The Rig-veda is itself the one considerable document that remains to us from the early period of the human thought when the spiritual and psychological knowledge of the human race was concealed in a veil of concrete and material figures and symbols. The reasons why it so happened may now be difficult to determine.
One of the leading principles of the Vedic mystics is sacredness, secrecy of self-knowledge and the true knowledge of the gods. For the mystics, this wisdom is unfit, rather dangerous, to the ordinary human mind. It is liable to perversion, misuse and loss of virtue if revealed to vulgar and unpurified spirits.
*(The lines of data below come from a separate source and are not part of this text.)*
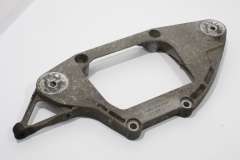 Audi A4 B8 A5 8T A6 C7 A7 A8 D4 Diff Support Bracket Mount 8K0599287G (Item #298777) 
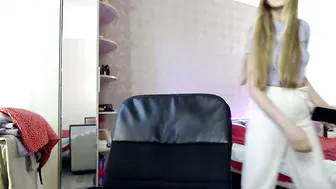 tess_wetyy recorded nude video 35324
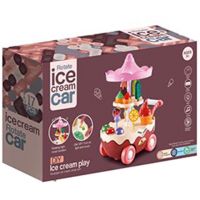 Ice cream car bar jucărie set cu lumini și sunete - i/c/ice-cream-car-bar-jucarie-set-cu-lumini-si-sunete.jpg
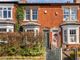 Thumbnail Terraced house for sale in May Lane, Kings Heath, Birmingham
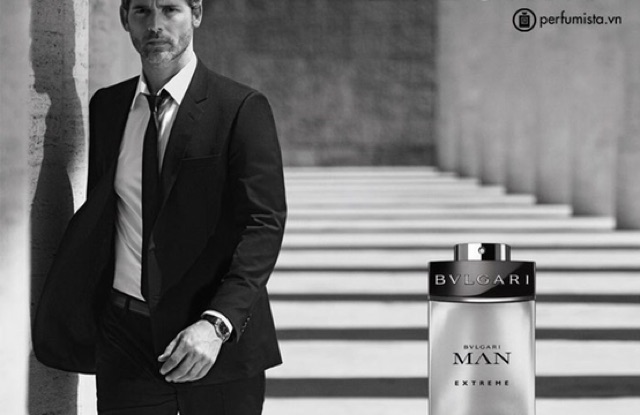 HOT Nước hoa nam Bvlgari Man Extreme 100ml Cam kết chính hãng , hỗ trợ đổi trả trong 7 ngày <<<<< !! !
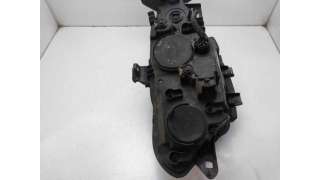 FARO IZQUIERDO FIAT TIPO FASTBACK (2016-) 1.3 D 95CV 1248CC - L.7704570 / 52145171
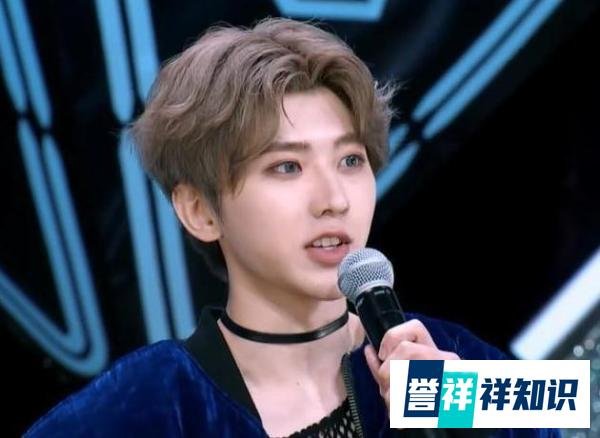 蔡徐坤被央视点名流量造假后,时隔数月,该事件取得最新进展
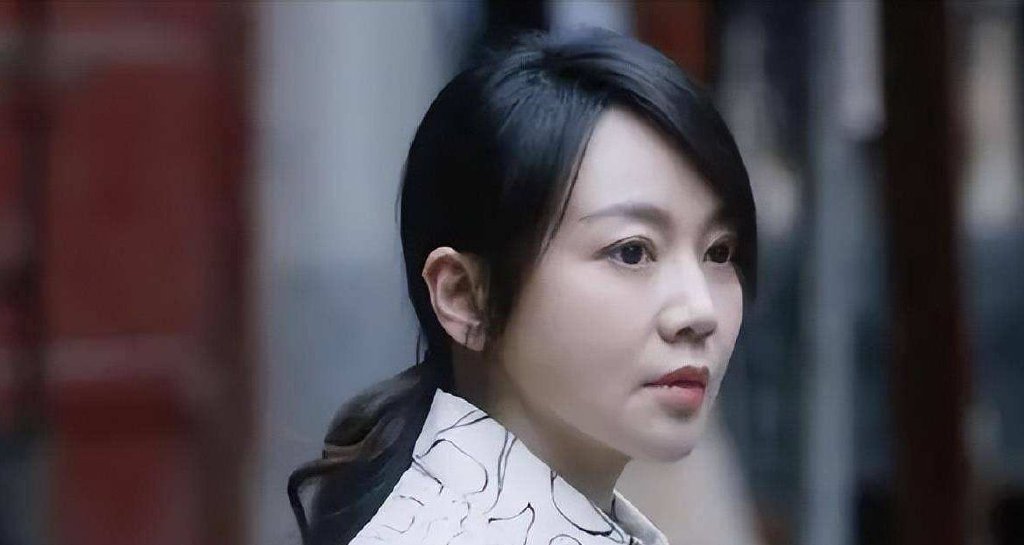 脸没恢复就别接戏了,“馒头脸蛋”演啥都拉胯,这些演员不羞吗?休闲区蓝鸢梦想 - Www.slyday.coM 脸没恢复就别接戏了,“馒头脸蛋”演啥都拉胯,这些演员不羞吗?休闲区蓝鸢梦想 - Www.slyday.coM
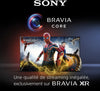 Sony XR-65X94K - EasyLounge - 22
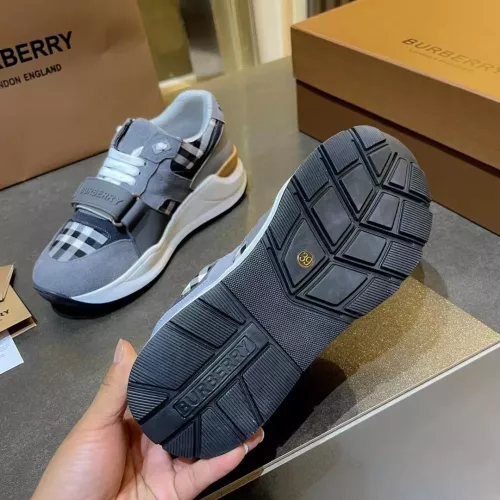 Cheap Burberry Casual Shoes For Women #1303405 Replica Wholesale [$118.00 USD] [ITEM#1303405] on Replica Burberry Casual Shoes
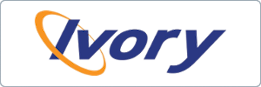 Ivory logo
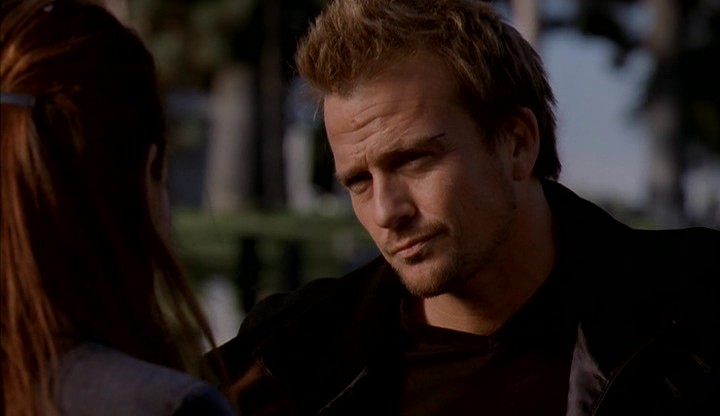 ��� �������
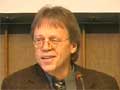 Peter C. Seel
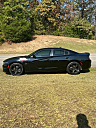 Thumbnail image of 2017 Dodge Charger at M&M Luxury Motors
The ritual system recognized by Sayanacarya stands in its externalities. The naturalistic sense discovered by the European scholars, in its general conceptions, may call for acceptance. But behind them is the true and still hidden secret of the Veda, the secret words spoken for the purified in soul and the awakened in knowledge.
Sri Aurobindo’s book ‘The Secret of the Veda’ establishes that the Vedic literature is only the precursor to the Vedantic literature the objective of which is to lead the seeker on the path of Truth to Self-realization.
This book ‘Symbolism in Rigveda’ is only an abridged version of ‘The Secret of the Veda’, Sri Aurobindo Revisited, intended for the benefit of beginners among students of Vedic literature.